The Multi Stage Pipeline Architecture
Stage 1 uses BM25 to retrieve 500 to 10,000 candidates in 10 to 20 ms. The goal is high recall: capture as many potentially relevant documents as possible, even if some irrelevant ones sneak through. BM25 excels here because it is cheap enough to score every matching document. Stage 2 applies machine learning rerankers to the candidate set. A BERT based cross encoder might score 1,000 candidates in 50 to 100 ms using GPU acceleration. These models consider semantic similarity, learned relevance signals, and cross attention between query and document. Stage 3 applies business logic: boost promoted content, filter by access permissions, diversify results, apply freshness decay. This stage adds 5 to 10 ms and ensures results match product requirements beyond pure relevance.
Why Not Skip BM25
Running a neural model over 10 million documents would take minutes, not milliseconds. At 1 ms per document, scoring 10 million requires 10,000 seconds (nearly 3 hours). BM25 reduces this to scoring only 1,000 to 5,000 pre filtered candidates, making neural reranking practical for real time search. The inverted index provides the critical narrowing: only documents containing query terms get scored at all.

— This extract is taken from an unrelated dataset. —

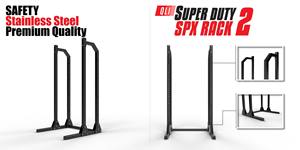 QLI - Soporte de Pared Plegable de Acero Resistente de 2 Niveles para Sentadillas, con Características de Seguridad para Gimnasios Comerciales y Domésticos - Product Image 6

The Recall Precision Trade Off
BM25 retrieves 1,000 candidates. If 50 truly relevant documents exist in your corpus, you want all 50 in those 1,000 (high recall). The reranker in Stage 2 pushes those 50 to the top 10 results (high precision). If BM25 misses relevant documents by retrieving only 40 of 50 (recall equals 80 percent), no reranker can recover the 10 missed documents. This is why Stage 1 retrieves generously: better to include noise than miss relevant results.
Tuning Candidate Count
How many candidates should Stage 1 retrieve? Too few and relevant documents get missed. Too many and Stage 2 becomes slow. Typical systems retrieve 500 to 5,000 candidates, tuned by measuring recall at K against labeled relevance data. If recall at 1000 is 95 percent but recall at 500 drops to 80 percent, the extra 500 candidates are worth the Stage 2 latency cost.